Na alta Idade Média apareceu um documento forjado que mudou o mundo. Seu objetivo era insidioso: falsificar o passado. Com o título em latim de “Constitutum Constantini”, o documento dava a entender ter sido escrito pelo próprio imperador Constantino no século 4. Só que na verdade a fake news foi forjada séculos depois, perto do ano 800.

O documento alegava que Constantino havia transferido para o papa todo o poder sobre o império. De quebra, transferia também vastos territórios europeus e os símbolos da autoridade imperial, que poderiam ser usados pelo papa para mostrar que todos os governantes se subordinavam a ele.

Essa malandragem (que em português é chamada de “Doação de Constantino”) teve um papel histórico importante. Impactou inclusive o Brasil. Quando Portugal e Espanha disputaram a repartição das terras nas Américas, coube justamente ao papa resolver a questão. Foi ele que editou a bula Inter Caetera, com base na autoridade supostamente dada a ele por Constantino (a bula foi atualizada no Tratado de Tordesilhas). Em suma, o Papa era o Supremo Tribunal Federal da época.

Corte para 2024. As fake news estão em toda a parte. São produzidas industrialmente. No campo da música, graças à inteligência artificial, começa a ocorrer um fenômeno curioso de falsificação do passado. Pegue por exemplo o grupo Habibi Habbas, formado na Líbia em 1970. No YouTube há o álbum Funky Caravan, lançado por eles em 1976. Só que esse grupo não existe. Ele foi forjado usando inteligência artificial, sua música foi toda feita por IA. Tudo é sintético e inventado (há até um segundo álbum, chamado Disco Kebab, de 1977).

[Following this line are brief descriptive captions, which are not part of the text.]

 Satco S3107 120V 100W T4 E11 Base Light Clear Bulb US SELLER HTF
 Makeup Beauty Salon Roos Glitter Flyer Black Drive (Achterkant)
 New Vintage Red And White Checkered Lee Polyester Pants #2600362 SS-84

O mesmo se aplica a Yuna Okira, artista japonesa que em 1980 lançou um álbum de música instrumental chamado Shizuka na Shunka (“Momentos Tranquilos”). Ou ainda, ao cantor e guitarrista iraniano Ghalibi Ghaboussi, que atingiu o auge em 1973 com o disco Royaye Gomshode (aliás, o meu favorito). Eles não existem. Mas na internet há álbuns inteiros de cada um, com biografias, capas e muito mais. São artistas “fake”. Criados em 2024 para parecer terem existido no passado. Não duvido de que no futuro fique difícil distinguir entre o passado “real” e o passado forjado pela inteligência artificial.

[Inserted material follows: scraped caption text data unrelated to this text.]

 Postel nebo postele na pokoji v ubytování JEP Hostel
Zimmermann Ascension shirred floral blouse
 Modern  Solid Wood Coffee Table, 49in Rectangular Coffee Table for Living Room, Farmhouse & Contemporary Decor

Por falar em fake news, o Supremo Tribunal Federal está julgando a constitucionalidade do artigo 19 do Marco Civil da Internet. Um dos objetivos do STF é justamente combater “fake news”. Em voto proferido pelo ministro Dias Toffoli ele cita inúmeras leis, do Brasil e de outros países, que regulam a internet e inspiram o Supremo a “regular” também. Dentre elas o DSA, lei aprovada na Europa, o NetzDG, em vigor na Alemanha, e a Section 230, nos EUA. O que o ministro esqueceu de citar é que todas elas foram aprovadas pelo Poder Legislativo, isto é, pelos parlamentos. Nenhuma dessas leis foi inventada pelo Poder Judiciário. Talvez o ministro já esteja no futuro. Um em que as fronteiras entre o Parlamento e o Judiciário não existam mais. Tal como a música de Ghalibi Ghaboussi.